Given $$\models\phi(p_0,\dots p_n)$$
Let $\psi_1, \dots \psi_n$ be sentences.
Prove that
$$\models \phi(\psi_1, \dots \psi_n)$$
My proof:
Let $\pi(x)$ denote the logical value of sentence $x$. Then, $\pi(\phi(\psi_1, \dots, \psi_n)) = \phi(\pi(\psi_1), \dots, \pi(\psi_n)) $
And since $\phi$ is a tautology, it is true for all possible combinations of input values, therefore
$$\models \phi(\psi_1, \dots, \psi_n)$$
Is this a valid way to solve this problem?
More or less, yes. I recommend distinguishing the $\phi$ in $\phi(\psi_1,\dots,\psi_n)$ and the $\phi$ in $\phi(\pi(\psi_1),\dots,\pi(\psi_n))$. One is a well-formed formula into which you are substituting several other formulas. The other is a Boolean function which you are applying to $n$ Boolean values. You could use a notation like $\phi_\pi(\pi(\psi_1),\dots,\pi(\psi_n))$, but I like using an outfix notation $[\![\phi]\!]$ for $\pi$, and I would write $[\![\phi(\psi_1,\dots,\psi_n)]\!]=[\![\phi]\!]([\![\psi_1]\!],\dots,[\![\psi_n]\!])$.

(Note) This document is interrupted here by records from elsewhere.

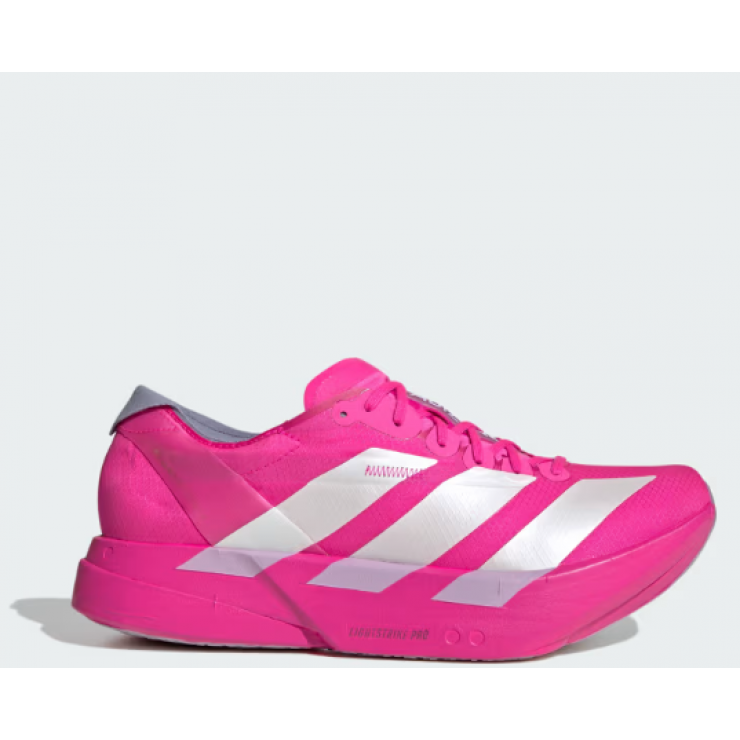 Adidas Adizero Adios Pro 4 M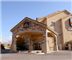 Best Western Cottontree Inn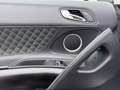 Audi R8 Spyder quattro *Audi Exclusive*Capristo*1of1* Grün - thumbnail 16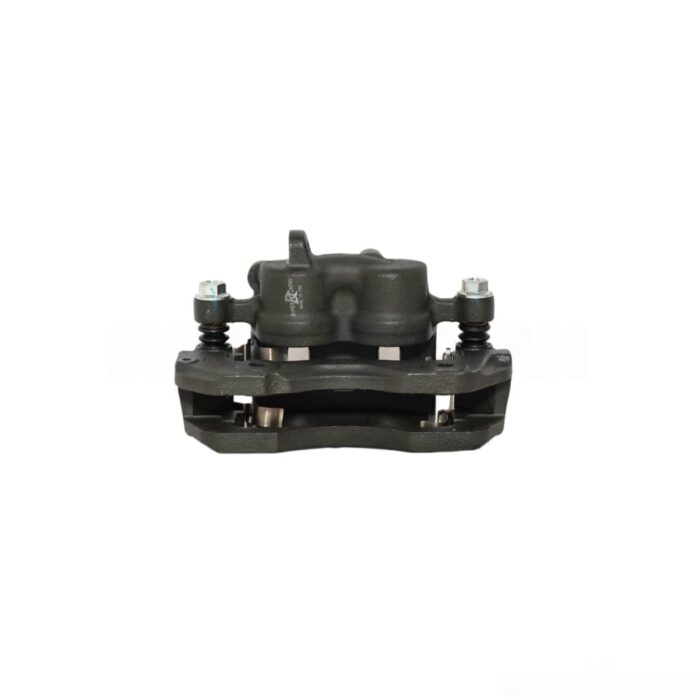 (R ) (MB858405) BRAKE CALIPER L200 1997-2004 - Image 2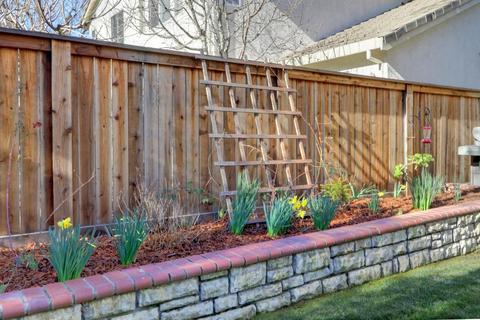 2020 Rivera Pl, Davis, CA 95618 photo 64
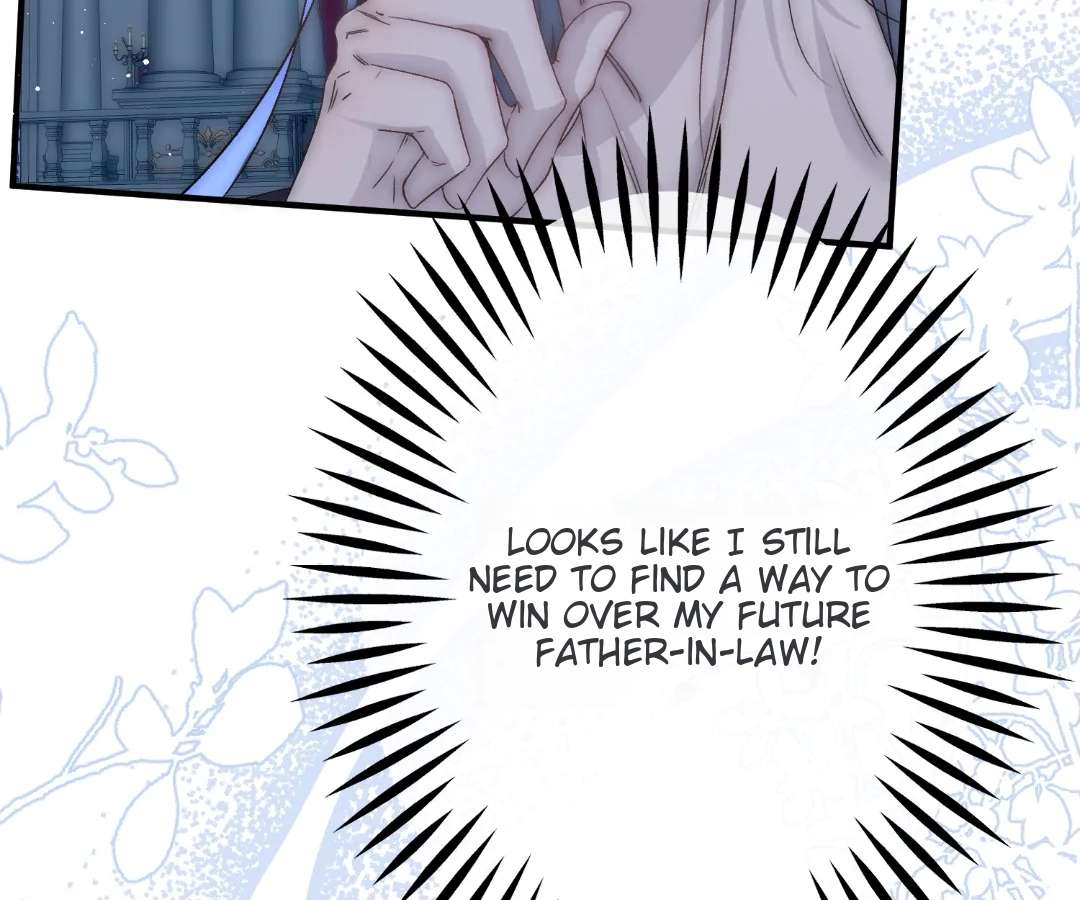 Read Glacial Prison chapter 29 image 25 on Lezhin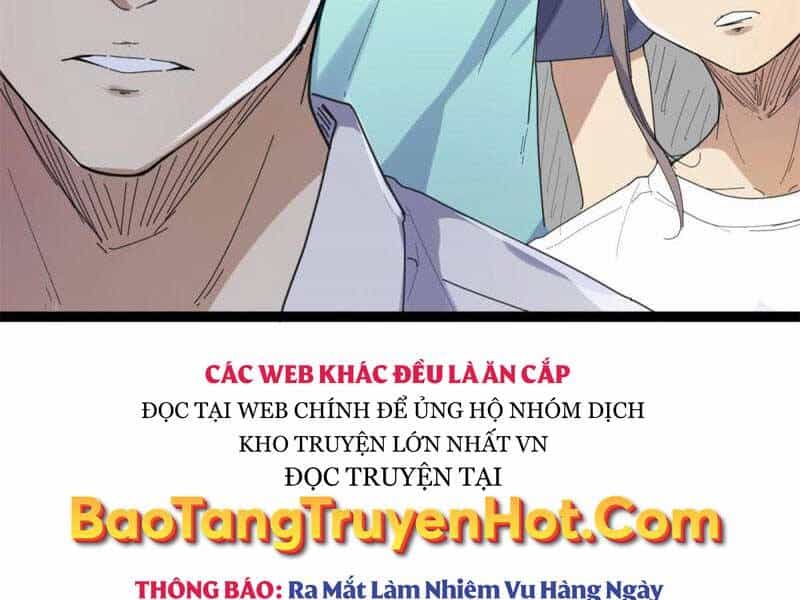 Cái Bóng Vạn Năng - Chương 178 - ảnh 82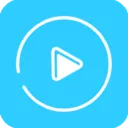�ֻ�Ͷ��������2026�ٷ����°汾v1.1.0 ��Ѱ�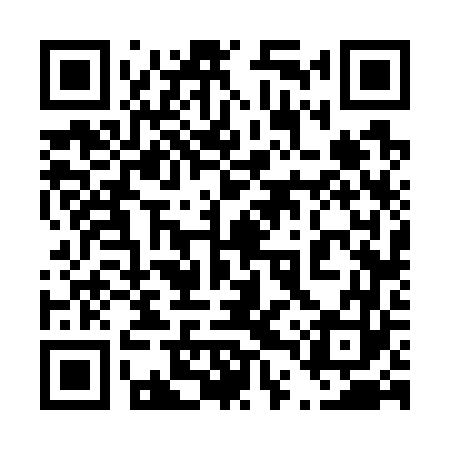 QR code for 44V763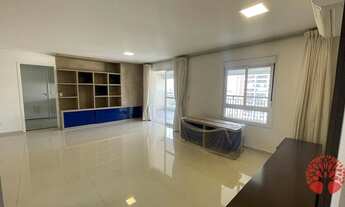 Imagem 7: Apartamento à venda, 166 m² por R$ 1.695.000,00 - Anhangabaú - Jundiaí/SP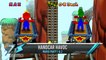 Top 10 N64 Mario Party Mini Games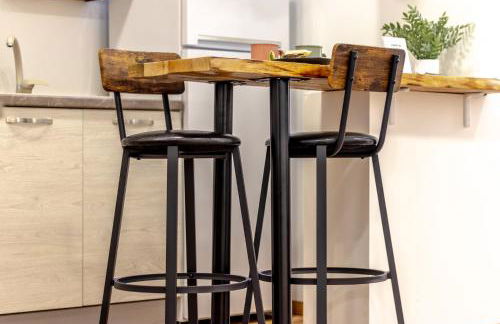 Casa Terenzio - Foto 21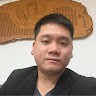 Jordan Chen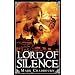 Lord of Silence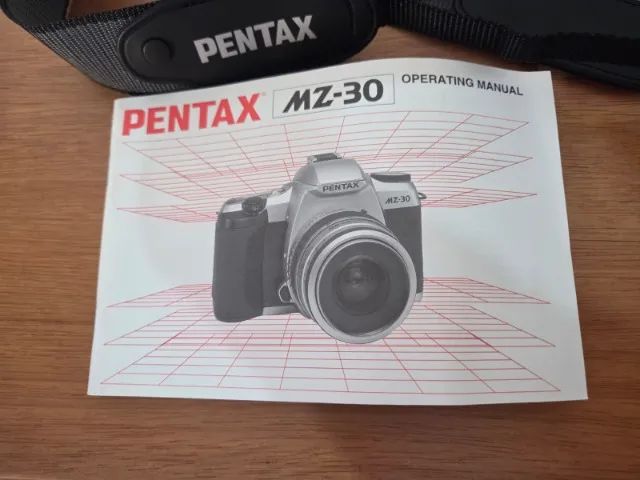 Pentaz mz 30 - Foto 5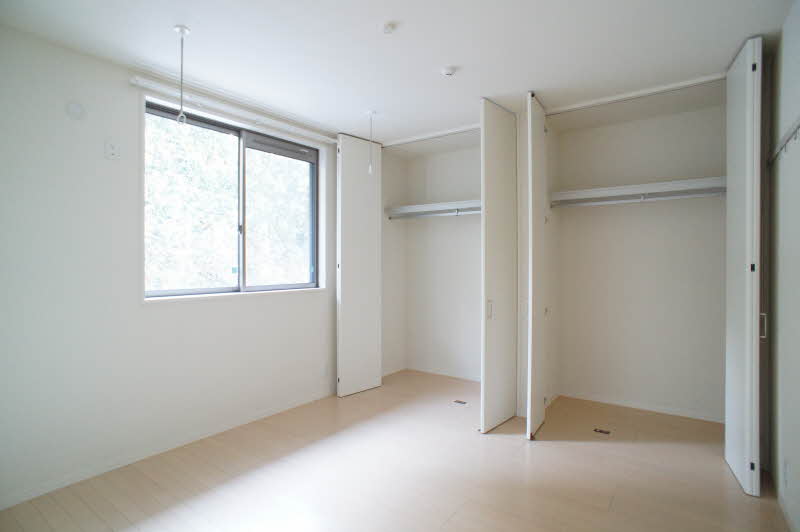 Ｂｅｌｌｅ　Ｆｏｒｅｔ 101号-6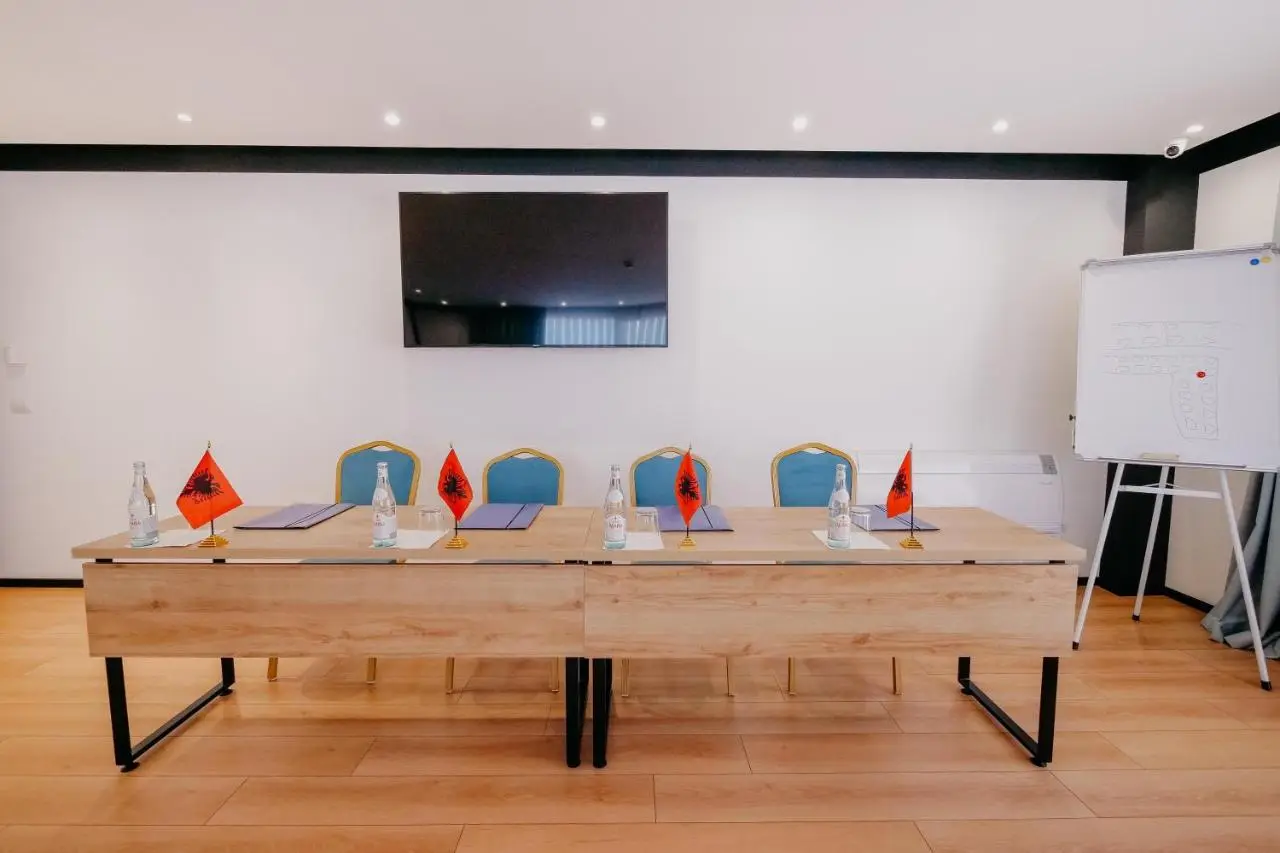 Amara Hotel & SPA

Next, this is minor, but you should say why the previous equation holds. In this case, it's by definition of interpretation. That is, not just any function $\pi$ is allowed as an appropriate notion of "logical value", to use your words, but only ones that satisfy the given equation.
Finally, if you wanted to be extra formal, you might do an induction on the number of free variables in $\phi$, i.e. on $n$.